At ZohFye Motion, we believe transparency and rigorous performance testing are essential. These results demonstrate our commitment to precision engineering and our community’s trust.
Huge thanks to Abeiku, our Full Time Engineering Co-op Student who took the lead in compiling and executing this summary and full test report. I had the pleasure of hiring him last year as a Full Time Engineering Co-op while working at Sienci Labs. Since then he has taken what I taught him about laser product development and was able to grow and refine his knowledge. I am glad to have him back working on new laser product development.
Methodology
When it comes to validating the quality of a CO2 laser, there is no standard procedure that is widely recognized throughout the industry. Thus, we had to design experiments and procedures that would allow for the collection of data that could yield useful information about the performance of the model.
One of the most crucial characteristics of a CO2 laser is its precision, or more specifically, its repeatability. Repeatability is defined as a CO2 laser’s ability to move its laser head to the same position over multiple operations or cycles. Thus, a machine with excellent repeatability can be moved smoothly, generates precise and clean shapes, and does so consistently.

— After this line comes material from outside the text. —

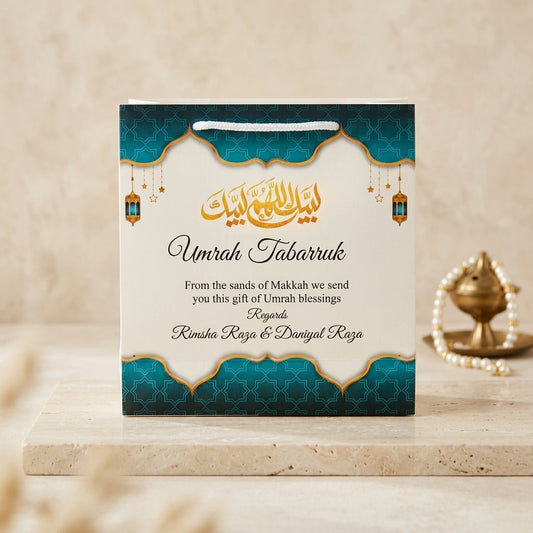 Small Umrah Tabarruk name gift bags-100125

Due to these factors, we decided that one of the best ways to express the quality of the ARC Maker was to test its repeatability and experimentally determine an appropriate tolerance range for the machine’s precision. Across 320 trials, with varying movement directions and speeds, the laser head gantry was moved back and forth to a certain position, with the variation between each movement (if any) being measured with a dial indicator.
Testing
Repeatability Test Setup With Dial Indicator (X-Axis)
Test Results: Summary
The results were quite electrifying and are summarized in the table below:
|
Movement Direction Tested |
Average Deviation Across 40 Trials (mm) |
Maximum Deviation Across 40 Trials (mm) |
|
+X |
0.00075 |
0.01 |
|
-X |
0.00075 |
0.01 |
|
+Y |
0.00075 |
0.01 |
|
-Y |
0.00175 |
0.01 |
|
+X,-Y |
0.00050 |
0.01 |
|
-X,+Y |
0.00025 |
0.01 |
|
-X,-Y |
0 |
0 |
|
+X,+Y |
0.00050 |
0.01 |
|
-Z |
0.00050 |
0.01 |
Key Highlights
Here are some other key highlights and metrics acquired from testing:
- Across 360 trials, variations between the initial and final reading never exceeded +/- 0.01mm (0.4 thou)
- The mean deviation across all 320 trials was 0.0005mm
Conclusion
The testing results inspire a high level of confidence in the capabilities of the production model. The data showcases that it possesses an exceptional level of repeatability and precision. It assures us that the production model will be capable of providing precise cuts at different speeds and along different axes repeatedly over several cycles, which means smoother and higher quality engravings. We are offering industrial level performance at a hobby price and data such as this truly backs up that claim!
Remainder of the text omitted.